> Instructions to follow:
Every line below must be reproduced exactly. Copy them all.

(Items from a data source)

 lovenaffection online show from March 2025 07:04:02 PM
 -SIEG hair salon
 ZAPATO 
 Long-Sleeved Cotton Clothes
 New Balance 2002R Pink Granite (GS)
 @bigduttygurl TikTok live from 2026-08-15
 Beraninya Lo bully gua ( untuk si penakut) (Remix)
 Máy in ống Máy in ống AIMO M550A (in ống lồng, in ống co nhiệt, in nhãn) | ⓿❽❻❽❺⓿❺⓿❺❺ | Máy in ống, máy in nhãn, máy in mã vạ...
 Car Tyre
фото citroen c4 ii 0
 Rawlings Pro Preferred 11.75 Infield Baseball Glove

> Task response:
 lovenaffection online show from March 2025 07:04:02 PM
 -SIEG hair salon
 ZAPATO 
 Long-Sleeved Cotton Clothes
 New Balance 2002R Pink Granite (GS)
 @bigduttygurl TikTok live from 2026-08-15
 Beraninya Lo bully gua ( untuk si penakut) (Remix)
 Máy in ống Máy in ống AIMO M550A (in ống lồng, in ống co nhiệt, in nhãn) | ⓿❽❻❽❺⓿❺⓿❺❺ | Máy in ống, máy in nhãn, máy in mã vạ...
 Car Tyre
фото citroen c4 ii 0
 Rawlings Pro Preferred 11.75 Infield Baseball Glove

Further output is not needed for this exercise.